Hacker News new | ask | show | jobs
by robertclaus 784 days ago
I wonder if you could actually fine tune an LLM to do better on this. As some of the comments point out, the issue here is that the possible output probabilities combined with the model temperature don't actually result in the probabilities requested in the prompt. If you trained on specific generated data with real distributions would it learn to compensate appropriately? Would that carry over to novel probability prompts?
3 comments

Almost certainly not if you set the temperature of the model to 0, since then the output would be deterministic minus MoE stuff.

If the temperature was not zero, then it seems technically possible for the output tokens to weighted closely enough in probability to each other in a way such that the randomization from temperature causes tokens to be printed in the appropriate distribution.

However, I'm not an LLM expert, but I don't think that people use a "temperature" while training the model. Thus the training step would not be able to learn how to output tokens in the given distribution with a given temperature because the training step does not have access to the temperature the user is using.

EDIT: I made the assumption that the LLM was not asked for a sequence of random numbers, but only one number per prompt. I think this fits the use case described in the article, but another use case might be asking for a sequence of such numbers, in which case training might work.

> If you trained on specific generated data with real distributions

It was trained on generated data from real distributions! The datasets LLMs are trained on include gigabytes of real data from real distributions, in addition to all of the code/stats/etc samples.

The question you should be asking is 'why did it stop being able to predict real distributions?' And we already know the answer: RLHF. https://news.ycombinator.com/item?id=40227082

Do we know in any detail who provided the RLHF and according to what rules for any of these models?
No, not really. OA has been reticent to publish any real details about what RLHF GPT-4 and later models go through; while some models have been much more open, those weren't used in OP.
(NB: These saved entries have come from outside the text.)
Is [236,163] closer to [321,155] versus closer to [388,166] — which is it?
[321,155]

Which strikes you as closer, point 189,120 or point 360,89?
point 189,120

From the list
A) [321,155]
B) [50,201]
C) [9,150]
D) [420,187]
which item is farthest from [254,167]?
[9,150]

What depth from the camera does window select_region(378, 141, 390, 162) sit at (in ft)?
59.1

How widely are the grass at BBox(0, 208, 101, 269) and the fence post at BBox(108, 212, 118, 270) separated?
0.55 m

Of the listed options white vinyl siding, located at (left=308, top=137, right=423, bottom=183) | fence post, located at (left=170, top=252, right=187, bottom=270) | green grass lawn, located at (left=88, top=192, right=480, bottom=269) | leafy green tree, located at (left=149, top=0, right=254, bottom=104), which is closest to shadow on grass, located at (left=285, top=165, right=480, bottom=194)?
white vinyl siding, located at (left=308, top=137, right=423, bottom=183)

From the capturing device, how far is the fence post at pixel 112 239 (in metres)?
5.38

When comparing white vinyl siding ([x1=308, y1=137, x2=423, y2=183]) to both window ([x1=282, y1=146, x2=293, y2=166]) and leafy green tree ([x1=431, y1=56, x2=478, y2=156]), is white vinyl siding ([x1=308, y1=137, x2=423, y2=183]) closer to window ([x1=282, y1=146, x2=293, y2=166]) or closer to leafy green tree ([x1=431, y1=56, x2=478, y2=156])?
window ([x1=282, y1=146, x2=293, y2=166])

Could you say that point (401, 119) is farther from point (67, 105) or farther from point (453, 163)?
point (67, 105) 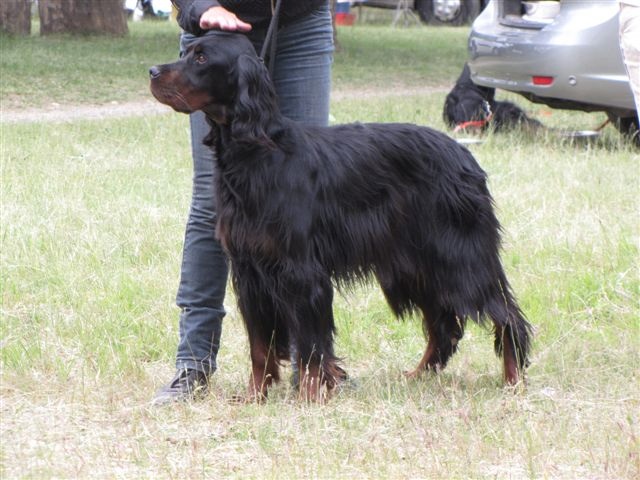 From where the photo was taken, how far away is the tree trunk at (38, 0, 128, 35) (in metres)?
17.3

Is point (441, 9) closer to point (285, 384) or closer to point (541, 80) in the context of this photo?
point (541, 80)

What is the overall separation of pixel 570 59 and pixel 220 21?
232 inches

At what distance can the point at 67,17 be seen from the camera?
683 inches

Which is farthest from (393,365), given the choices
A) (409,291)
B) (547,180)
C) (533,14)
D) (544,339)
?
(533,14)

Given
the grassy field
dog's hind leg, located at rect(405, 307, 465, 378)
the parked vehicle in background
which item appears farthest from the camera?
the parked vehicle in background

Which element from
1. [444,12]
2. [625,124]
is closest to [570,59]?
[625,124]

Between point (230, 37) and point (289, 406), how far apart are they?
1326mm

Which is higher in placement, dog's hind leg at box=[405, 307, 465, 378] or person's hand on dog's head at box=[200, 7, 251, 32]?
person's hand on dog's head at box=[200, 7, 251, 32]

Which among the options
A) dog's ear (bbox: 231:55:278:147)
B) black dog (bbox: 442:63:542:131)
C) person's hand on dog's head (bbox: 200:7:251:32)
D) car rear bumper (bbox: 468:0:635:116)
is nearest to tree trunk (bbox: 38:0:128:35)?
black dog (bbox: 442:63:542:131)

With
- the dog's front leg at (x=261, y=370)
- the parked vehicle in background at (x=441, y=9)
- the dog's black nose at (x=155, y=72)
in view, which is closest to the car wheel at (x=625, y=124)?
the dog's front leg at (x=261, y=370)

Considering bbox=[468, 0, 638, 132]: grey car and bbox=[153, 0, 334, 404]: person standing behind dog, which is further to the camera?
bbox=[468, 0, 638, 132]: grey car

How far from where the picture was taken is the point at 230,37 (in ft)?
12.6

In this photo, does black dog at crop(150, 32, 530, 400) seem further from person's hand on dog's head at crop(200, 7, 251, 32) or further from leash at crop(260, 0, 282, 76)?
leash at crop(260, 0, 282, 76)

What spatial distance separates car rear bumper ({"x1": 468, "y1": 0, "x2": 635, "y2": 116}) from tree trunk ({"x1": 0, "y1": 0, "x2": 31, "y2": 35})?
9330 mm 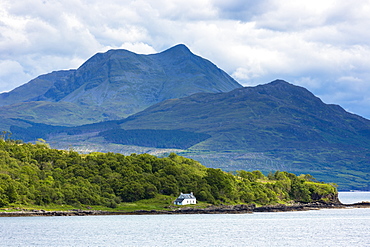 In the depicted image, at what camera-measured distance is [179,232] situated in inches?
5039

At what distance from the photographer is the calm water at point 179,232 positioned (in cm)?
10812

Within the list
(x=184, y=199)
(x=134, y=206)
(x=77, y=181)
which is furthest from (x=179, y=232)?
(x=77, y=181)

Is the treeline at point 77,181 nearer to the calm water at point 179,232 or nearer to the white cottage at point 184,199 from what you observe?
the white cottage at point 184,199

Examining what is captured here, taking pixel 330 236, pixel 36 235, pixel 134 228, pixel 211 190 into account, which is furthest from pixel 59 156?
pixel 330 236

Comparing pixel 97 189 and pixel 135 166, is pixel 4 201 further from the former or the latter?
pixel 135 166

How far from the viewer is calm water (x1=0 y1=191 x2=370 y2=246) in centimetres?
10812

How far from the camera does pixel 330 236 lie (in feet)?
393

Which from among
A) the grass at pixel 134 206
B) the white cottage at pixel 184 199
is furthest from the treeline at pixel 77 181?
the white cottage at pixel 184 199

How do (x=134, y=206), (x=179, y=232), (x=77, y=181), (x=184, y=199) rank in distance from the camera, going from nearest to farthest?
(x=179, y=232), (x=134, y=206), (x=77, y=181), (x=184, y=199)

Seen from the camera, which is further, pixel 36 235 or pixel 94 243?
pixel 36 235

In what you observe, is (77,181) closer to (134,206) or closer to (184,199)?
(134,206)

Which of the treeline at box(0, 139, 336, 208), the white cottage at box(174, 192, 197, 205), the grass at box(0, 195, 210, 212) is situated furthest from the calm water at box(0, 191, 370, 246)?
the white cottage at box(174, 192, 197, 205)

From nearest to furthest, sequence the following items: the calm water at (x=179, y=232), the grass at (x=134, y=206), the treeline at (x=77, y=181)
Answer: the calm water at (x=179, y=232)
the grass at (x=134, y=206)
the treeline at (x=77, y=181)

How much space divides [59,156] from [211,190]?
53.8 metres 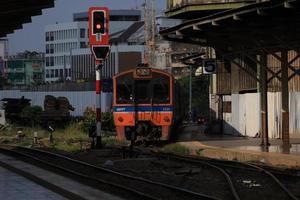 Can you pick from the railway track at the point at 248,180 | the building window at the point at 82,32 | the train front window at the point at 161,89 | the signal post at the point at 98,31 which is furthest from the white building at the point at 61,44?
the railway track at the point at 248,180

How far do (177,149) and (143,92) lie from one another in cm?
316

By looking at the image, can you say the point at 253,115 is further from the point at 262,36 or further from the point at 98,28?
the point at 98,28

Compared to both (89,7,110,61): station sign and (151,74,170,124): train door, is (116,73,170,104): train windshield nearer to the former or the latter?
(151,74,170,124): train door

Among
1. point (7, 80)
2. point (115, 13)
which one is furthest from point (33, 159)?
point (115, 13)

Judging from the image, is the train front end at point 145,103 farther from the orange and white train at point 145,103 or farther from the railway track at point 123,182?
the railway track at point 123,182

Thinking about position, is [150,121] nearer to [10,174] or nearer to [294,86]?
[294,86]

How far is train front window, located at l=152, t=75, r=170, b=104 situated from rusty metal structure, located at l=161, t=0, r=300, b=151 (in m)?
1.72

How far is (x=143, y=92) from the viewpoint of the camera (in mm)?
25672

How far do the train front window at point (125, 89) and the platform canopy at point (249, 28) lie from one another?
7.49 feet

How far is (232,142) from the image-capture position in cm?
2508

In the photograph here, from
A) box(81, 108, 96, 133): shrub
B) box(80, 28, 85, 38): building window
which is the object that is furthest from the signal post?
box(80, 28, 85, 38): building window

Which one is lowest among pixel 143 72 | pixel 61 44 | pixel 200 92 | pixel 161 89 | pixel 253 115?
pixel 253 115

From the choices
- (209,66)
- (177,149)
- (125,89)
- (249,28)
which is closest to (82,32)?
(209,66)

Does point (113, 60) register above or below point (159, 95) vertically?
above
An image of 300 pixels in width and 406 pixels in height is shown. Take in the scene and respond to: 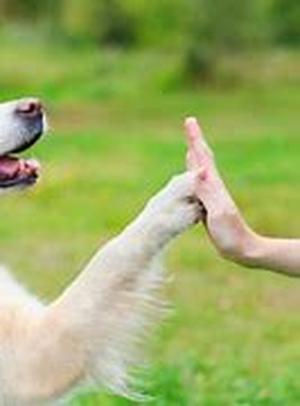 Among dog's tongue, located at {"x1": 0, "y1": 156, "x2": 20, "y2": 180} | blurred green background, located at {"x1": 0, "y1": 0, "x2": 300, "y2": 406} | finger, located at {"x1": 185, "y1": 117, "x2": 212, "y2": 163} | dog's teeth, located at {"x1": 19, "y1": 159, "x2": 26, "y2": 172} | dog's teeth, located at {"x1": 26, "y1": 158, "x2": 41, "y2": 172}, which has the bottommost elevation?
blurred green background, located at {"x1": 0, "y1": 0, "x2": 300, "y2": 406}

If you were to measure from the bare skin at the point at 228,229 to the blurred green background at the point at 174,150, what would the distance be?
1165 mm

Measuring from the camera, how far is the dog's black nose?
684 centimetres

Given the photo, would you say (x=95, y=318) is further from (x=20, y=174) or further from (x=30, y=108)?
(x=30, y=108)

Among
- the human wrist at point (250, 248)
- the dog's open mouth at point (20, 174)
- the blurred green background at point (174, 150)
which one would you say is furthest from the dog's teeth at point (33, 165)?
the blurred green background at point (174, 150)

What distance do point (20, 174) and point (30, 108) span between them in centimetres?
45

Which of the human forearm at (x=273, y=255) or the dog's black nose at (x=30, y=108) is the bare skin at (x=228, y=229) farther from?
the dog's black nose at (x=30, y=108)

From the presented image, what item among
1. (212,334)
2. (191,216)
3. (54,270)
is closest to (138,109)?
(54,270)

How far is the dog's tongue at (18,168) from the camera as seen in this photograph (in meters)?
6.50

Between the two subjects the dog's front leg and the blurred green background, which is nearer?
the dog's front leg

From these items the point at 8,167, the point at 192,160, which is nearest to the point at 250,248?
the point at 192,160

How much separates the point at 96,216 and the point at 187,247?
2869 millimetres

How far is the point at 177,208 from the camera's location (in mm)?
6562

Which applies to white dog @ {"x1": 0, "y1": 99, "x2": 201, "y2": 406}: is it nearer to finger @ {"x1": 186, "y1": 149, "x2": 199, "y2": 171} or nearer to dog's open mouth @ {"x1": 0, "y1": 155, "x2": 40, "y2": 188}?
dog's open mouth @ {"x1": 0, "y1": 155, "x2": 40, "y2": 188}

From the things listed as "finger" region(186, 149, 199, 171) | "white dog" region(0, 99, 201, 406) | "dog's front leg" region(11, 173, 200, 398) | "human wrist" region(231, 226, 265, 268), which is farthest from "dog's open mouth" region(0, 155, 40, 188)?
"human wrist" region(231, 226, 265, 268) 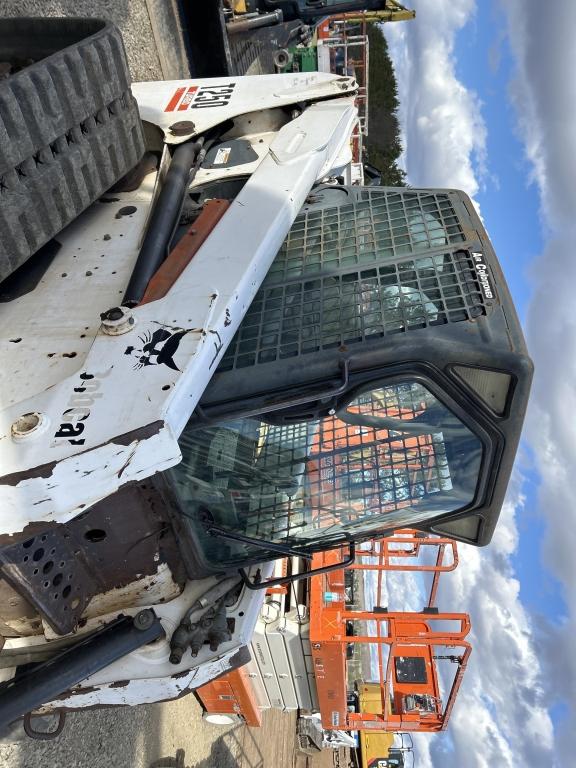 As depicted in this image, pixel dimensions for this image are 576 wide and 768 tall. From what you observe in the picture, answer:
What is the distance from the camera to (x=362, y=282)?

And it's unclear how easily you can interrogate their code/data to understand exactly how the RLHF goes wrong here - it seems unlikely that there are all that many raters rewarding conversations with heads rather than tails in hypothetical coinflips, so it's probably a more subtle issue of entropy collapse. (It's not that easy to understand why DL stuff does the stuff it does, and it's even more true that when it comes to RL stuff, it's much easier to observe outcomes than to understand how exactly the RL process yielded that outcome.)

So, we can see the effects before/after very clear in the OA Figure 8 graph in https://arxiv.org/pdf/2303.08774.pdf#page=12&org=openai on calibration, but I dunno if even they could tell you what exactly about the raters or PPO hyperparameters or whatever causes that.

Probably yes. You could also garnish the prompt with a vanilla RNG output.